Call for Papers: Growing Humanities: Flourishing Futures in Challenging Times
Across the UK and internationally, Humanities disciplines are navigating a period of profound challenge. Declining enrolments, funding pressures, restructuring agendas, and persistent political and media narratives that question the value of Humanities study have created an uncertain landscape for students, educators, and researchers alike. Yet this moment is also one of possibility.
The Humanities continue to generate transformative knowledge about culture, history, language, ethics, creativity, and human experience—knowledge that is indispensable for understanding complex global challenges and imagining more just and sustainable futures. This conference invites participants to explore the theme of Growing Humanities.
We deliberately use the concept of growth in expansive and critical ways. While growth is often framed within neoliberal economic logics—metrics, recruitment numbers, income streams, and productivity—this event seeks to foreground alternative understandings. Growth may be intellectual, cultural, social, pedagogical, civic, ecological, or personal. It may involve deepening rather than scaling; collaboration rather than competition; or transformation rather than accumulation. Growth might also mean resistance: protecting spaces for critical inquiry, creativity, reflection, and intervention in contexts where they are under threat.
We aim to create a space that both celebrates the enduring importance of Humanities disciplines and collectively plans for flourishing futures. The conference will bring together academics, professional services colleagues, students, sector leaders, policymakers, and community partners to share ideas, practices, and strategies that support Humanities education and research in Higher Education.

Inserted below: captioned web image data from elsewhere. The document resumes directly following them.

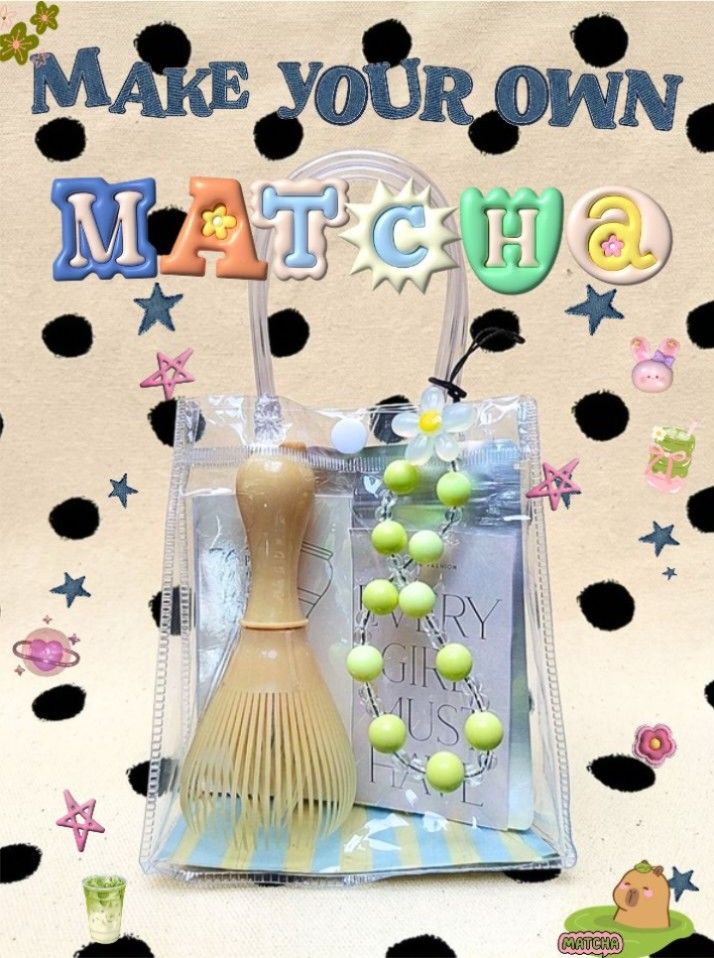 Make Your Own Matcha Kit with Whisk and Bag (Category: Other Kitchenware & Tableware) located in Caloocan City. Submitted by hoellyjane (Listing ID 1456857707, Image 1). Description: - Everything you need to make matcha at home - Includes traditional detachable resin whisk - Comes with a cute clear bag - 8g grams of unsweetened matcha powder (good for 2 cups of drink) - Includes decorative stickers - Ideal for matcha lovers or as a gift Retail pr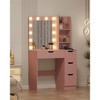 Makeup Vanity Desk with Mirror and Lights, 35"W Large Dressing Table with 4 Drawers & Open Storage, Modern Makeup Vanity Table for Bedroom - 2 of 4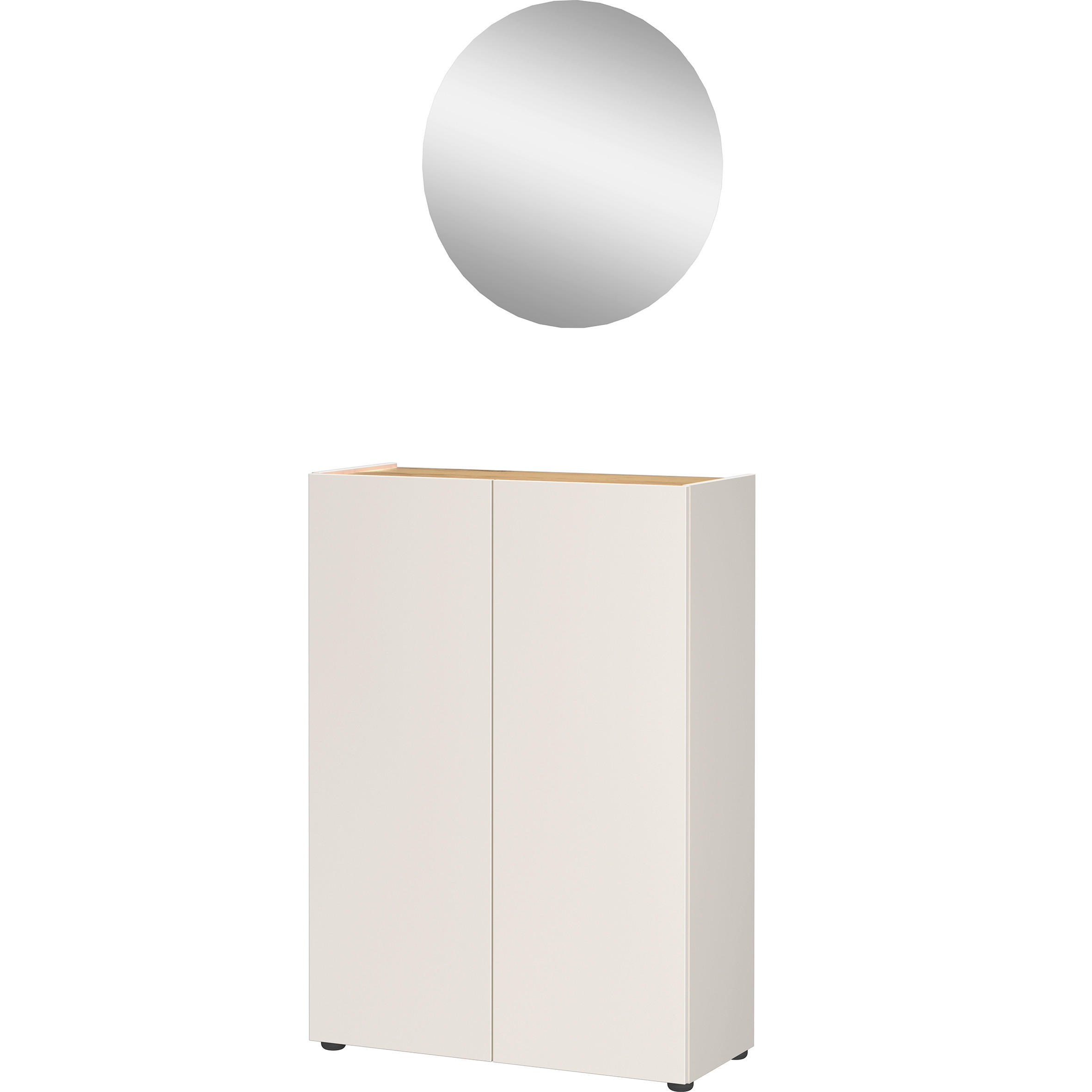GARDEROBE 2-teilig  in 74/200/33 cm  - Kaschmir/Eichefarben, Design, Glas/Holzwerkstoff (74/200/33cm) - Germania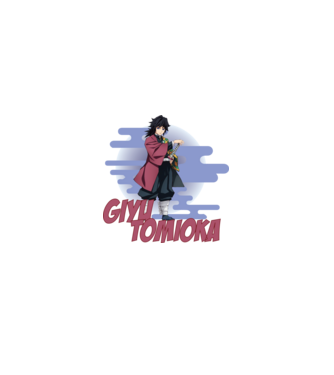 Demon Slayer Giyu model roz deschis pe tricou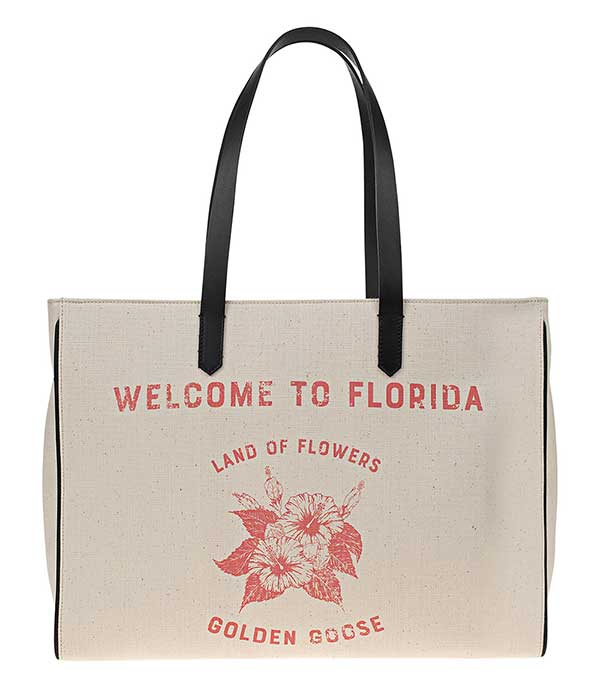 Sac cabas California Bag E-W Welcome to Florida Golden Goose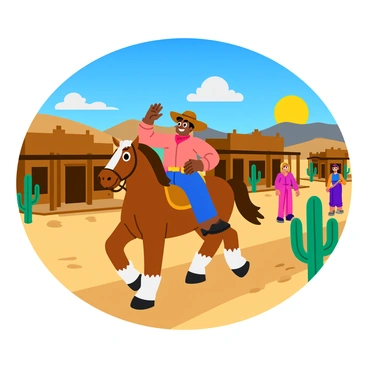A cartoon-style illustration of "Vadivelu" depicted as a cowboy, wearing a wide-brimmed hat and a bandana around his neck. He sits confidently on a brown horse, which trots along a dusty trail in a vibrant desert town. The background features wooden saloons with swinging doors and cacti scattered throughout the arid landscape. "Vadivelu" has a playful expression on his face as he waves to townsfolk, who are watching him with curious smiles. The sky is bright blue, and the sun casts warm rays over the scene, creating a lively atmosphere.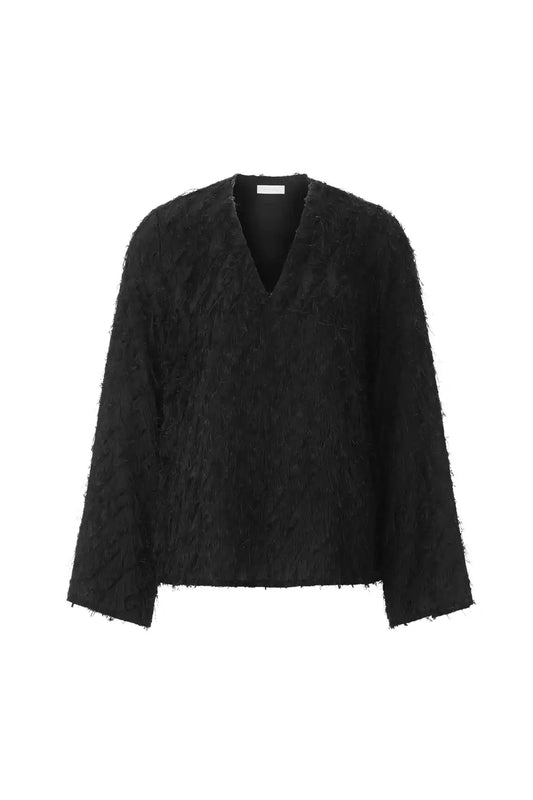 Rich and Royal Fringe Blouse in der Farbe Black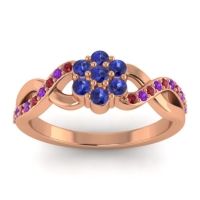Blue Sapphire Fashion Ring In 14K Rose Gold With Ruby And Amethyst – Parisar Simple Ring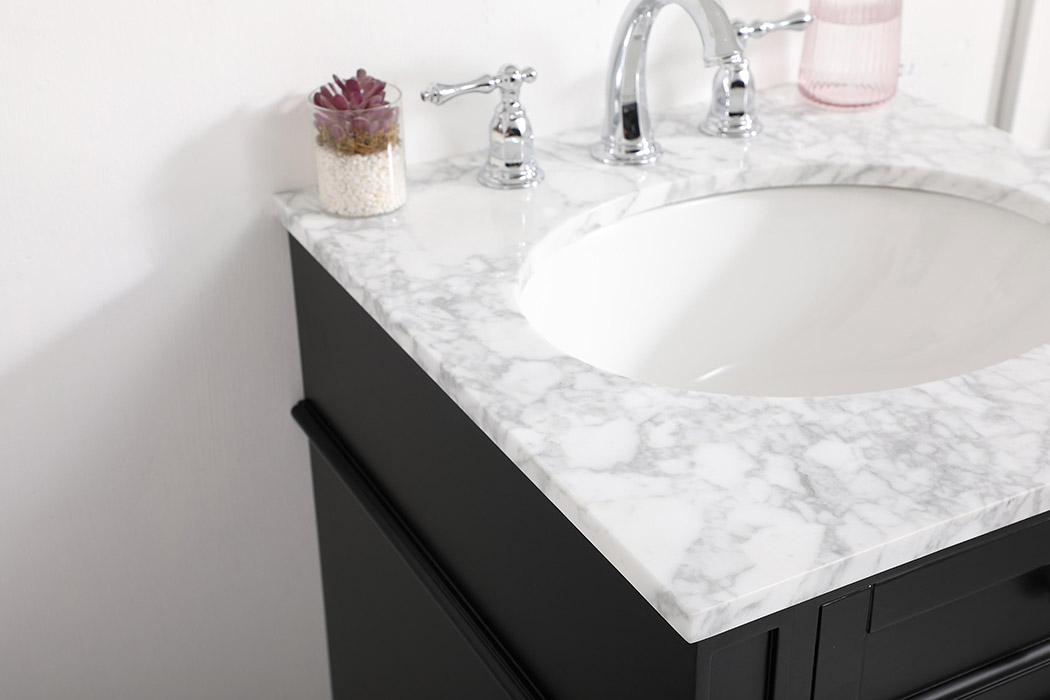 Elegant Single Bathroom Vanity Set - Black, L 21" (VF12521BK)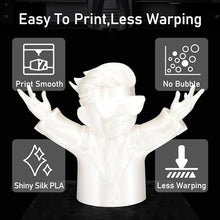 Load image into Gallery viewer, DO3D Silk White PLA Satin Shiny 3D Printer Filament, 1.75mm Diameter 1kg Spool 2.2lbs for FDM 3D Printers
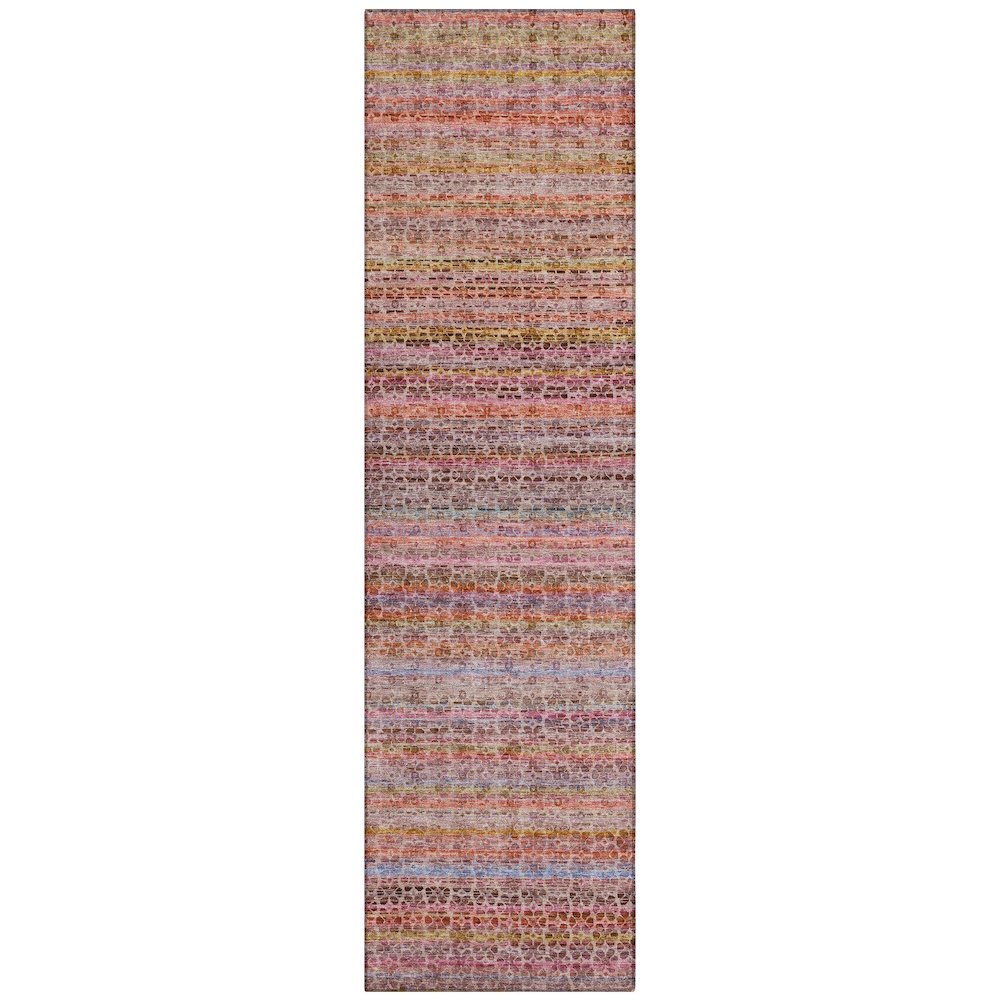 Machine Washable Indoor/Outdoor Chantille ACN2155 Pink 23 x 76 Runner Rug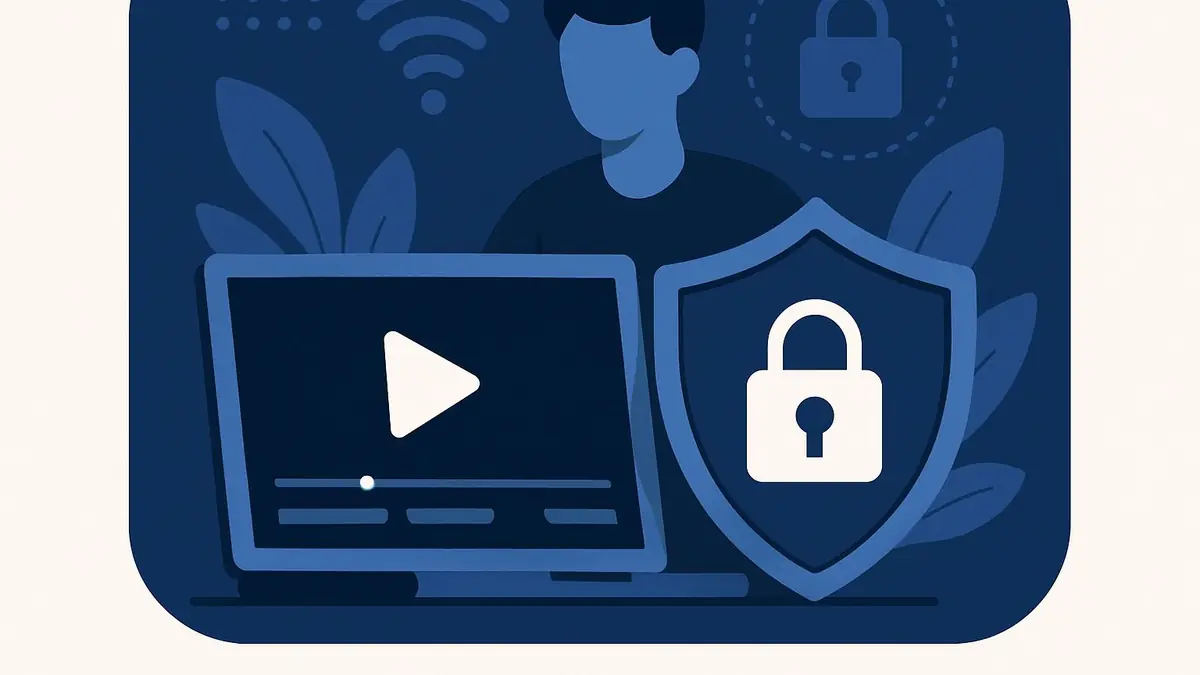 Seriöser IPTV Anbieter: Bildschirm mit Wiedergabe und Schutzschild-Symbol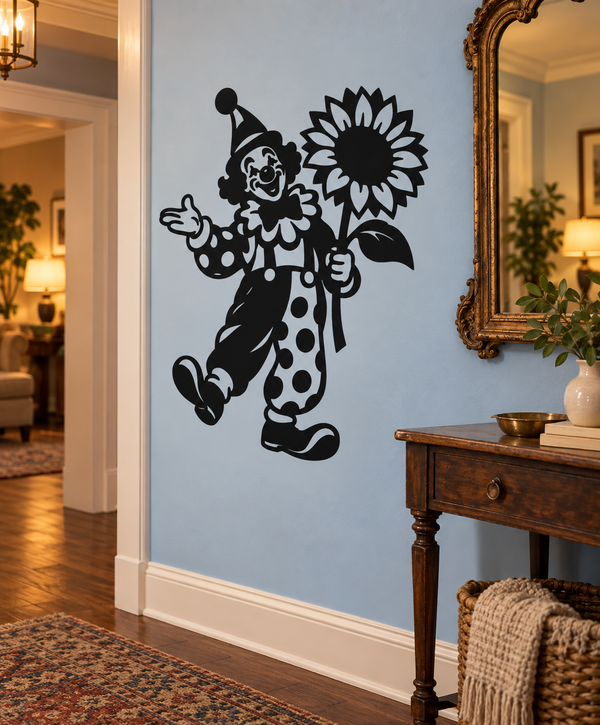 Clown vinyl decal with black-and-white polka dot outfit holding a sunflower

We welcome contributions in multiple formats, including:• Individual research papers• Roundtables or panel discussions• Interactive workshops• Practice-based or creative interventions• Strategic or policy-focused sessions. Submissions may be conceptual, theoretical, empirical, or practice-oriented. We particularly encourage proposals that cross disciplinary boundaries or connect academic work with institutional strategy, policy development, or community engagement.